Washington, D.C. – A new study by an environmental consulting firm documents steep costs and job losses from a new regulation from the U.S. Office of Surface Mining and Reclamation Enforcement (OSM), adding further credence to widespread criticisms of this unnecessary rule.
The so-called Stream Protection Rule (SPR), the subject of Senate oversight hearings Tuesday, will eliminate the jobs of between 40,000 and 78,000 coal miners in an industry that has already lost more than 40,000 jobs since 2011, many from administration regulations.
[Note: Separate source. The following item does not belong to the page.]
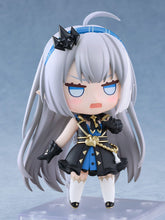 Load image into Gallery viewer, PRE-ORDER Nendoroid Tyrant (Female) Stella Sora
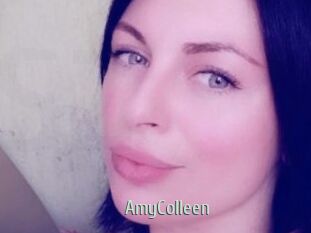 AmyColleen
When including employment in coal-dependent industries, Ramboll Environ found the jobless toll from OSM’s rule could rise as high as 281,000.
OSM’s insistence that job losses would be minimal is derived from its evaluation of hypothetical “model mines.” Ramboll Environ’s job loss projections are derived from data gathered at 36 actual operating mines, surface as well as underground.
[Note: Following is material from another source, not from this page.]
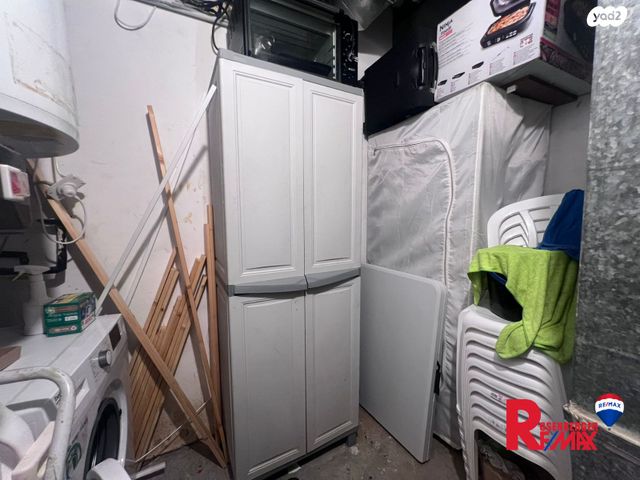 דירה, דרך בן גוריון 99, דרום מערב ותיק, בת ים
The resulting massive job loss projection stems from the rule’s devastating impact on the coal resource. The firm’s analysis, commissioned by the National Mining Association (NMA), concludes that between one-fourth to two-thirds of total U.S. recoverable coal reserves would be uneconomic under OSM’s rule owing to comprehensive constraints placed on both surface and underground mining operations. This volume of coal removed from mining operations, valued at between $14 billion and $29 billion, would eliminate potential tax revenue to federal and local communities of between $3.1 billion and $6.4 billion each year.
Despite these destructive economic impacts nationwide, the SPR would nevertheless accomplish no environmental purpose. OSM’s own data shows that in states accounting for almost 75 percent of the nation’s coal production, between 95 and 100 percent of coal operations have no off-site impacts. Not surprisingly, OSM offers no scientific justification for this rule, nor an explanation for why it decided on this rulemaking long before it determined the need for it.[(W)e already decided to change the rule following change of Administrations on January 20, 2009.”*]
“With this massive re-write of 475 existing rules and the addition of many new ones, the SPR is a text book example of how an agency – oblivious to the costs and the absence of any necessity for its rulemaking – abuses its authority for the sole purpose of expanding its budget and mission at public expense,” said NMA President and CEO Hal Quinn.